It's likely that fewer intra-Latin American markets will be able to sustain direct point to point service. So we believe the Hub of the Americas will be the best positioned to serve this market.
Now, I’ll turn it over to José who will go over our financial results in more detail.
Thank you, Pedro. Good morning everyone. I hope that you and your families are safe and doing well. Thanks for being with us today. I'd like to join Pedro acknowledging our great Copa team for all their efforts and great team spirit during these very challenging times.
As Pedro mentioned we restarted scheduled commercial service in mid-August and have slowly been pulling up capacity ever since. For the third quarter, the contribution from these operations is still very modest as we only operated about 1.5% of the capacity compared to the same period last year. Nonetheless, we finally started flying again and we’ve put a lot of effort into rebuilding our hub and look forward to having more substantial operations in the fourth quarter.
Looking at third quarter results, we reported a net loss of $118.1 million or a loss of $2.78 per share. Excluding special items mainly we realized $3.6 million mark-to-market gain related to the convertible notes. We would have reported a net loss of $121.6 million or a loss of $2.86 per share. Our cash consumption for the second quarter came in at $36 million per month.
This excludes $22 million in proceeds mainly related to tax credit reimbursements as well as the sale one Embraer-190 aircraft. It also excludes a $50 million payment we made on a short-term credit line. This cash consumption is significantly lower than our prior estimates as we delivered more savings than planned and generated a higher proceeds from sales and lower cash refunds than we originally expected.
In terms of capacity for the remainder of the year, we expect to continue spooling up our operations. October came in at approximately 15% of October 2019 capacity and we expect November and December to help push 30% and 40% respectively year-over-year. Assuming this gradual spool of our operations, we should be able to keep our cash consumption to about $25 million per month for the fourth quarter of a year.
This figure assumes that our leased aircraft and debt commitments are paid in full and we stay current in all of our obligations or not including the proceeds from aircraft sales. The improvement in our cash consumption estimate for the reminder of the year is a function of our short focus on the reduction of our cost base as well as improving sales figures, which are on pace with the projected spool of operations.
I’m going to spend some time now discussing our balance sheet and liquidity. As of the end of the third quarter, assets totaled $3.9 billion, owners’ equity was almost $1.5 billion. Our debt plus our lease liabilities totaled $1.5 billion, and our lease liability adjusted net debt to EBITDA ratio came in at 2.3 times. We closed the quarter with approximately $1.2 billion in debt. As I mentioned before, during the quarter, we’ve repaid $50 million of our short-term credit facilities, and currently all of our committed credit facilities remain undrawn.
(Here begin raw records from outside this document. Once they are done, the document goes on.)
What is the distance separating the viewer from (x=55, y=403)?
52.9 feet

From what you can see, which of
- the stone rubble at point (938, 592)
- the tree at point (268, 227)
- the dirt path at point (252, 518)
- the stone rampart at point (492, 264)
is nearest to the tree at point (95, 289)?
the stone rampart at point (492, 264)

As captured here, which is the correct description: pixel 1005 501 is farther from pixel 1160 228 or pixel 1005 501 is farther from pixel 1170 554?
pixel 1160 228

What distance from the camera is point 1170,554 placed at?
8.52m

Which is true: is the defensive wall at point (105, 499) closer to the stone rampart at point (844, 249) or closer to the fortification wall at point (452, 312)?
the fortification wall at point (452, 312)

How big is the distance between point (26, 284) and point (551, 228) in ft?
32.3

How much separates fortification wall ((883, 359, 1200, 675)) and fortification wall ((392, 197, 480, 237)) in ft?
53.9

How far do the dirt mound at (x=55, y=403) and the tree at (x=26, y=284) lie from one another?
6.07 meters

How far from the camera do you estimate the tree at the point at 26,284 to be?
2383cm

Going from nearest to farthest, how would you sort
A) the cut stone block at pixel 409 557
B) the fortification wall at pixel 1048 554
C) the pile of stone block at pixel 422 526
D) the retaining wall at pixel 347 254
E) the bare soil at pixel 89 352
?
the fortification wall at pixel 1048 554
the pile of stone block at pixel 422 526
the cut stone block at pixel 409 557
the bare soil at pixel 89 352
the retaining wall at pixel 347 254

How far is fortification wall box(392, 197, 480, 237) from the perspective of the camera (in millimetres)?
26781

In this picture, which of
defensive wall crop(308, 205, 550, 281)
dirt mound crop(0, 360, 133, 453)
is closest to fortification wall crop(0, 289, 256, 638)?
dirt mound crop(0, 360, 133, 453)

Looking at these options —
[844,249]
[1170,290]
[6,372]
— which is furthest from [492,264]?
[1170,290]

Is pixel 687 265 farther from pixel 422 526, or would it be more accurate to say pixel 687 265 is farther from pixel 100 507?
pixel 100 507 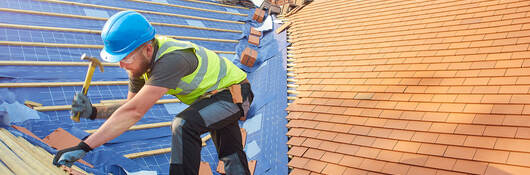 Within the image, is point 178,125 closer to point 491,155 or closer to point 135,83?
point 135,83

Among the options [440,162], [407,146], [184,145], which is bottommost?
[407,146]

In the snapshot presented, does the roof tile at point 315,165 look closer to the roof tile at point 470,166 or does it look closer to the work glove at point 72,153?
the roof tile at point 470,166

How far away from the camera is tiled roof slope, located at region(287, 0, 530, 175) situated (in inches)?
95.5

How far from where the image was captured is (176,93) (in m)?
2.01

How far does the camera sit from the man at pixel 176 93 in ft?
5.59

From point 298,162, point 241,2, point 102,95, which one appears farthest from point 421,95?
point 241,2

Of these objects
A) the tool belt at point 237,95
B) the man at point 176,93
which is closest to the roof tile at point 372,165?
the man at point 176,93

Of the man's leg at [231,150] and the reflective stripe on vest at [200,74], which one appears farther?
the man's leg at [231,150]

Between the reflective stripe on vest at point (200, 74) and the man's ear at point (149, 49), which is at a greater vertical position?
the man's ear at point (149, 49)

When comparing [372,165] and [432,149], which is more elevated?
[432,149]

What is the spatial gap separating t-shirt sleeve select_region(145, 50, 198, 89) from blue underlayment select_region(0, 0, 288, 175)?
3.85 feet

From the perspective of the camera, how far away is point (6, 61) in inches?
135

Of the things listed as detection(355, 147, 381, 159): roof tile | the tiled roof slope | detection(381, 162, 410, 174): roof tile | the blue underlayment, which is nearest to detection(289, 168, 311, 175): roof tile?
the tiled roof slope

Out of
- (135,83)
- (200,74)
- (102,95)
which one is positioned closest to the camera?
(200,74) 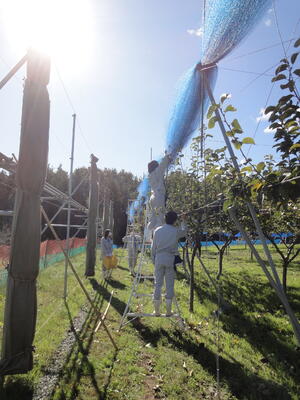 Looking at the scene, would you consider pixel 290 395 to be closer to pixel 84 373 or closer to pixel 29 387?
pixel 84 373

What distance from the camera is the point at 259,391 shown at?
3445mm

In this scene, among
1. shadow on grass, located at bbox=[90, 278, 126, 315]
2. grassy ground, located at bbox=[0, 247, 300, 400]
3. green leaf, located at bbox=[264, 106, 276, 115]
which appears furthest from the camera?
shadow on grass, located at bbox=[90, 278, 126, 315]

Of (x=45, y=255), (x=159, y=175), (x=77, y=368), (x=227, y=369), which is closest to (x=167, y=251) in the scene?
(x=159, y=175)

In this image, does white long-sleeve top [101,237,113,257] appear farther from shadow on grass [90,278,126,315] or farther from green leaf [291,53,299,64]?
green leaf [291,53,299,64]

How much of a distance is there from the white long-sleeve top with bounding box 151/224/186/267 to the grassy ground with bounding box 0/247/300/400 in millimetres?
1209

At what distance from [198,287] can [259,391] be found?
232 inches

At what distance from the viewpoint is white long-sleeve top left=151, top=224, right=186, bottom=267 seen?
15.0 ft

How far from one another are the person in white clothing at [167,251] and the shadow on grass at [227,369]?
640mm

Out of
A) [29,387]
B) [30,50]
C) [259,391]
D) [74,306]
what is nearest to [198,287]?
[74,306]

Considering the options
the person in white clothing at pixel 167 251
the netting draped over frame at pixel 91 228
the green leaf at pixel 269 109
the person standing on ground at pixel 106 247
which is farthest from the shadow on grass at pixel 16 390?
the netting draped over frame at pixel 91 228

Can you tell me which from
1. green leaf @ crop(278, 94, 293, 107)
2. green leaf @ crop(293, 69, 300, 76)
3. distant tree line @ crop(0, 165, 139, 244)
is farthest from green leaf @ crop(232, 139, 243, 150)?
distant tree line @ crop(0, 165, 139, 244)

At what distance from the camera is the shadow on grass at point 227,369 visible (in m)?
3.39

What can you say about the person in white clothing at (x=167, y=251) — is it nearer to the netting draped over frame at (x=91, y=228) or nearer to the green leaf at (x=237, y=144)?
the green leaf at (x=237, y=144)

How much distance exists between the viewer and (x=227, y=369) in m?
3.93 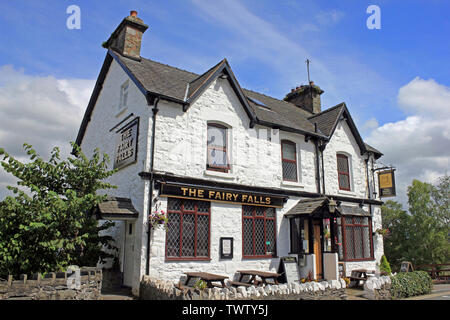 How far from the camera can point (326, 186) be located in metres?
16.0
As to cash, short and long-term investments, we closed the quarter with $1 billion. During the quarter, we took many steps to further strengthen our liquidity position. As previously reported, in the month of July, we closed a secured revolving credit facility for an initial aggregate amount of $105 million. And in the month of August, we establish a new unsecured committed facility for $59, which remains undrawn.
Including this and other previously established facilities, the company ended the quarter with an aggregate amount of $305 million in unutilized committed credit facilities, which added to our cash equates to more than $1.3 billion in total available liquidity. During the quarter, we finalized the sale and delivery of the first of 14 Embraer-190 aircraft. As of today, we have delivered three additional Embraer craft and expect to have delivered the entire fleet by June 2021.
This month, we are also signed an LOI for the sale of two Boeing 737-700s, which we expect to deliver during the month of January at 2021. Aside from the E-190 and Boeing 737-700 fleets which are classified in our balance sheet as assets held for sale we ended the quarter with 74 aircraft, 68 Boeing 737-800s and six MAX 9s. During the month of December, we expect to receive two MAX 9 aircraft to end the year with a fleet of 76 aircraft. Including these figures are 16 737-800s which will remain in temporary storage.
Let me close by stating that once this most challenging situation passes, we believe Copa’s Hub of the Americas will remain as the best connecting point for travel in the region, with a privileged location, an even more efficient business model with lower cost, and the best team in the industry.
Thank you. With that, we’ll open the call to some questions.
Thank you. [Operator Instructions] Our first question comes from the line of Duane Pfennigwerth with Evercore ISI. Your line is now open.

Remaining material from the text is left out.